-------- EXERCISE MATERIAL --------

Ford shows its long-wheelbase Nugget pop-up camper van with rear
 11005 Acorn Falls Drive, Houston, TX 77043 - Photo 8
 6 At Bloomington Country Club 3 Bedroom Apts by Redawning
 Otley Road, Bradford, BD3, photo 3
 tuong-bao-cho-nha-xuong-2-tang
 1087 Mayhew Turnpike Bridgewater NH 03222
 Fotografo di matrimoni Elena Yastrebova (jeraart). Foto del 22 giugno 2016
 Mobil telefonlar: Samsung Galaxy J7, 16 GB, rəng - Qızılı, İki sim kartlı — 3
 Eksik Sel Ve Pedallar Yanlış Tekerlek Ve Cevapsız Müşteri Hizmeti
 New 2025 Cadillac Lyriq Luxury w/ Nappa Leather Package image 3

--------

[DIRECTIONS FOR THIS TASK]
Give back exactly the lines from the one that contains "Eksik Sel Ve" to the end of the data above, both of those lines included.

[OUTPUT]
 Eksik Sel Ve Pedallar Yanlış Tekerlek Ve Cevapsız Müşteri Hizmeti
 New 2025 Cadillac Lyriq Luxury w/ Nappa Leather Package image 3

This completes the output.